Please print exactly the lines from the line containing "SANDAL PUTUS" through the end of the data, no more, and keep pictures out of the copy.

━━━━━━━━━━━━━━━━

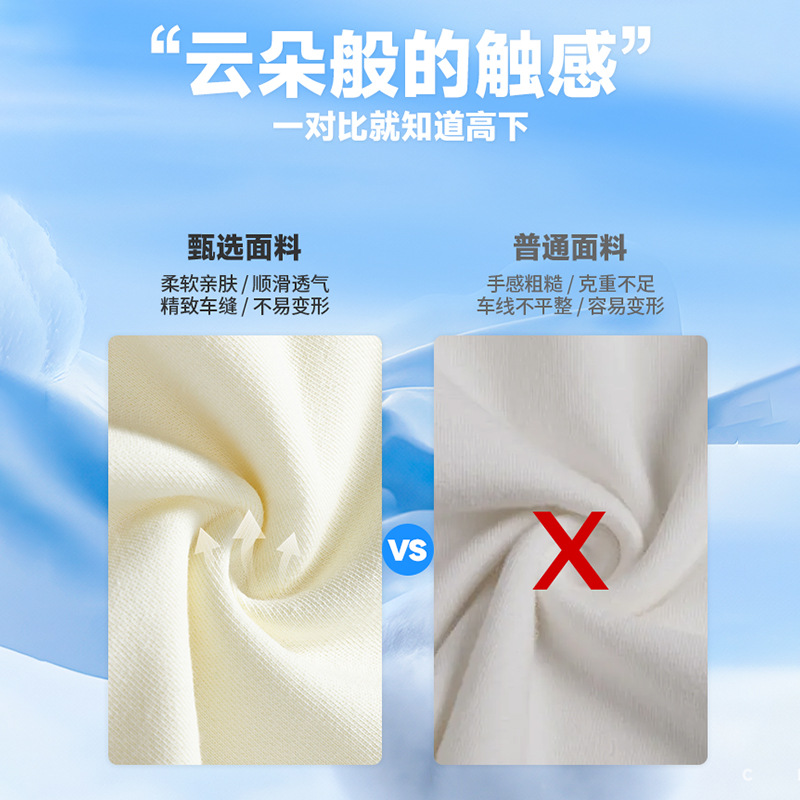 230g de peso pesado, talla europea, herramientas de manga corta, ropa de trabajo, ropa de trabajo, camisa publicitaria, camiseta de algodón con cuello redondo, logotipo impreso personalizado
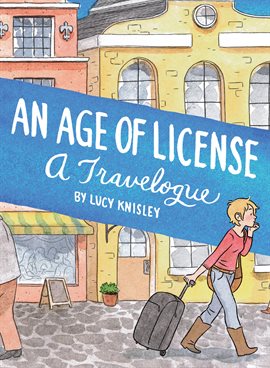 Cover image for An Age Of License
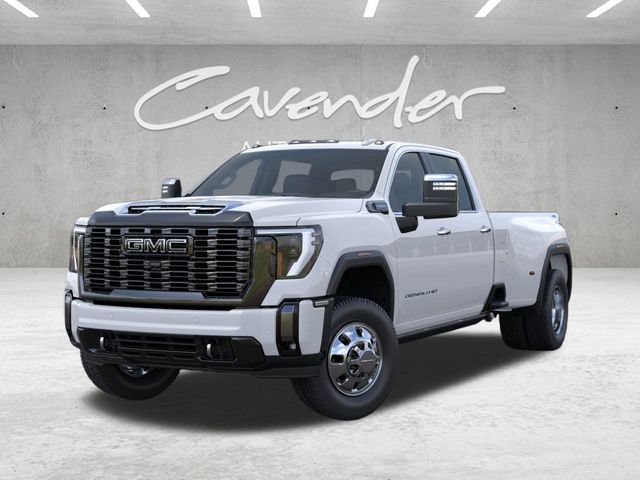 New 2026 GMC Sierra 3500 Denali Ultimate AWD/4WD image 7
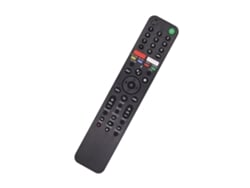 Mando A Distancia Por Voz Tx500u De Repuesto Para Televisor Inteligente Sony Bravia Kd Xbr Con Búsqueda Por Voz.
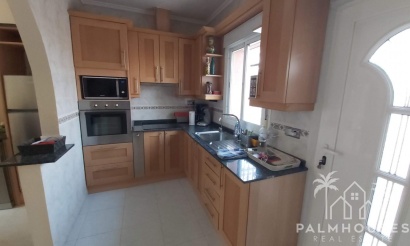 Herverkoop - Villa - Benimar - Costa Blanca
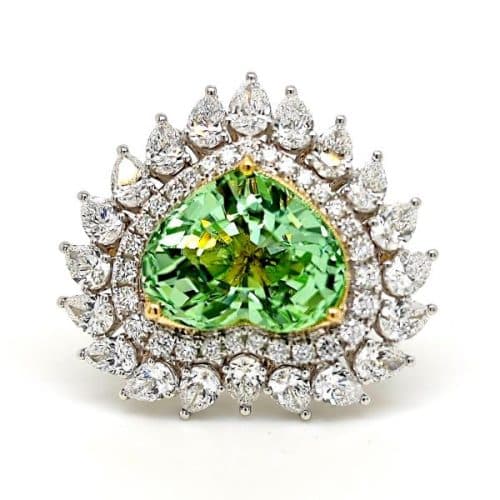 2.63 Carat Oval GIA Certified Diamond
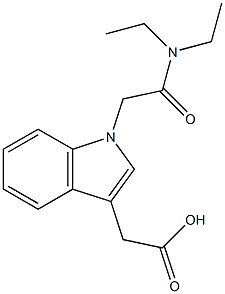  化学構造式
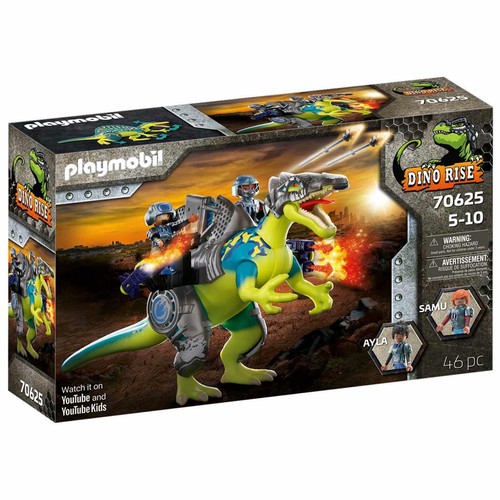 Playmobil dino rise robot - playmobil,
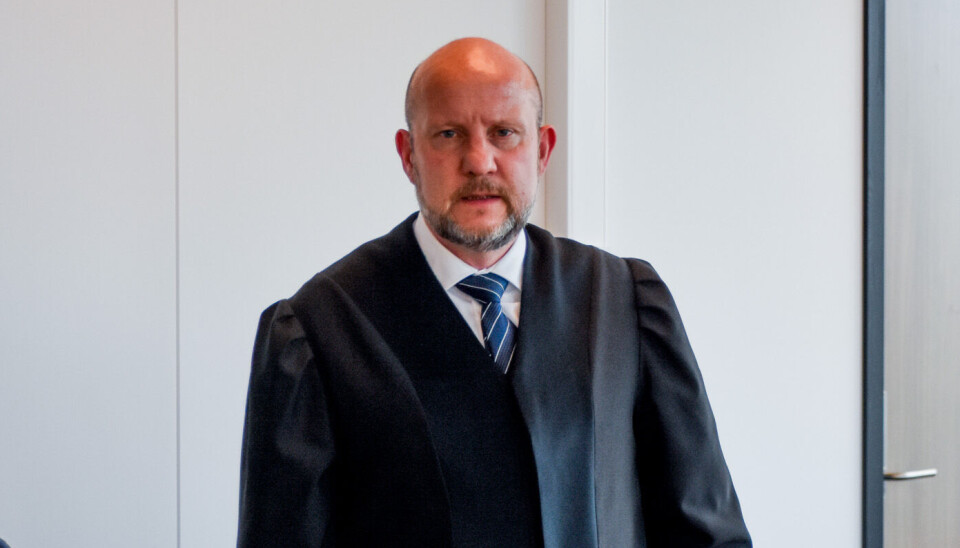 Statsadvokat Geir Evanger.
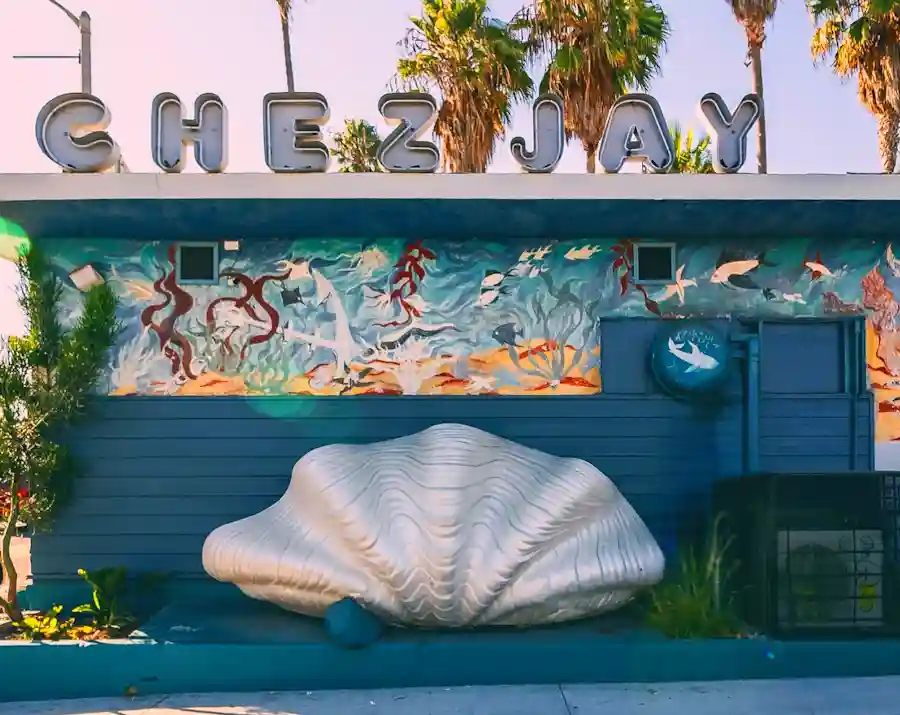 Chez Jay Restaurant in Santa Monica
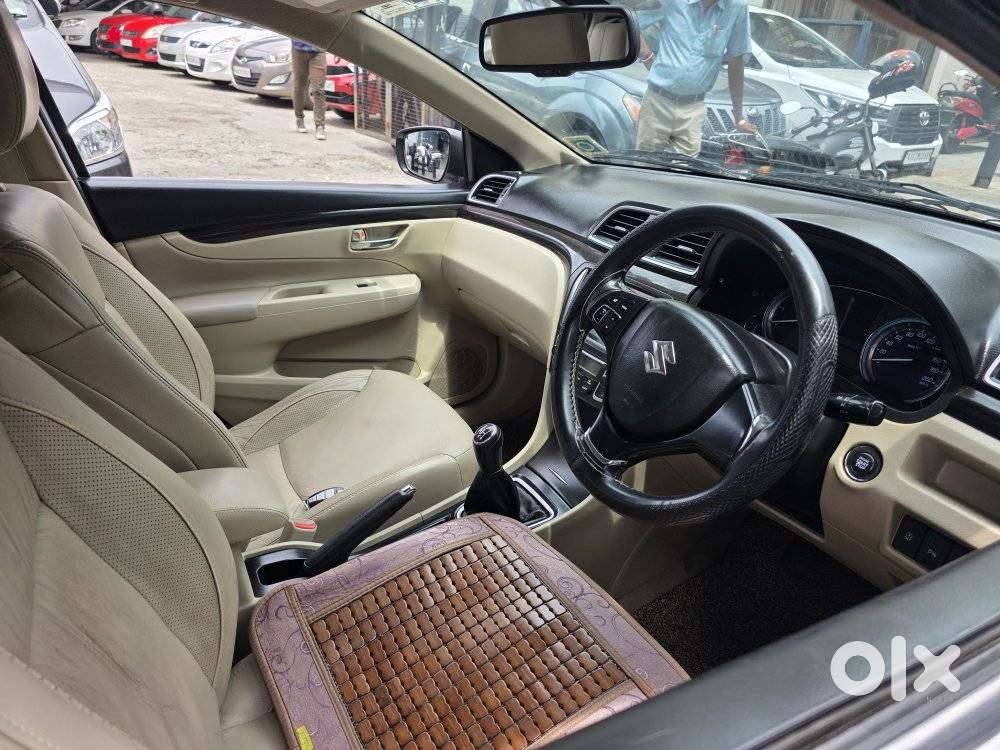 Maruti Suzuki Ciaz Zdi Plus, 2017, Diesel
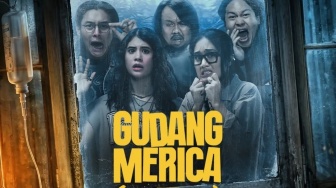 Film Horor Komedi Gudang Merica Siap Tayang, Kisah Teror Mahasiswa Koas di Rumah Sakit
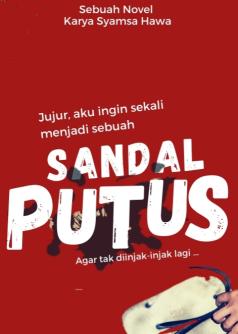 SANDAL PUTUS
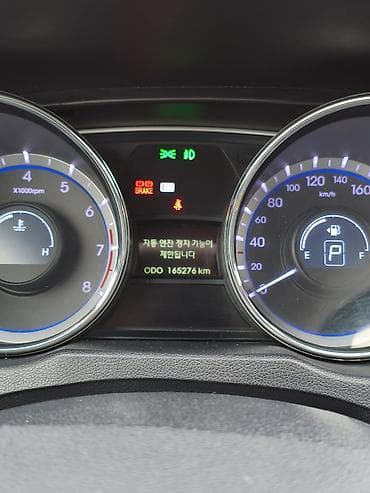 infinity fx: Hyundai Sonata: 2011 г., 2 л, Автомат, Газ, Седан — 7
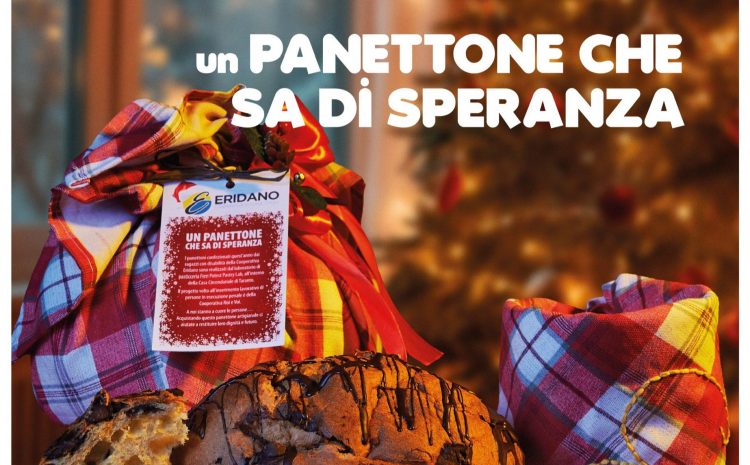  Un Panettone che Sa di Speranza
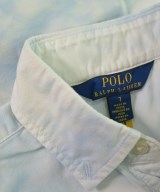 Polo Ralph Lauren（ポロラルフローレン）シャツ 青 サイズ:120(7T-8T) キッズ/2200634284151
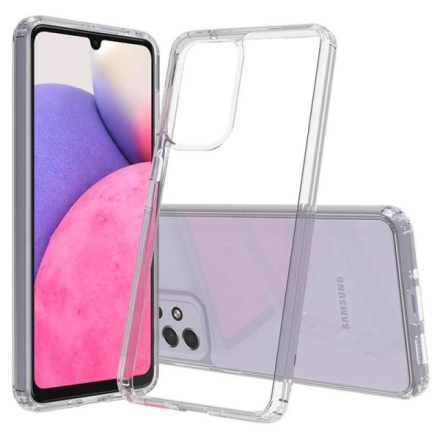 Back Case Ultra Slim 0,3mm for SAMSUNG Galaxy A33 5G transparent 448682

━━━━━━━━━━━━━━━━

Output
 SANDAL PUTUS
 infinity fx: Hyundai Sonata: 2011 г., 2 л, Автомат, Газ, Седан — 7
  Un Panettone che Sa di Speranza
 Polo Ralph Lauren（ポロラルフローレン）シャツ 青 サイズ:120(7T-8T) キッズ/2200634284151
 Back Case Ultra Slim 0,3mm for SAMSUNG Galaxy A33 5G transparent 448682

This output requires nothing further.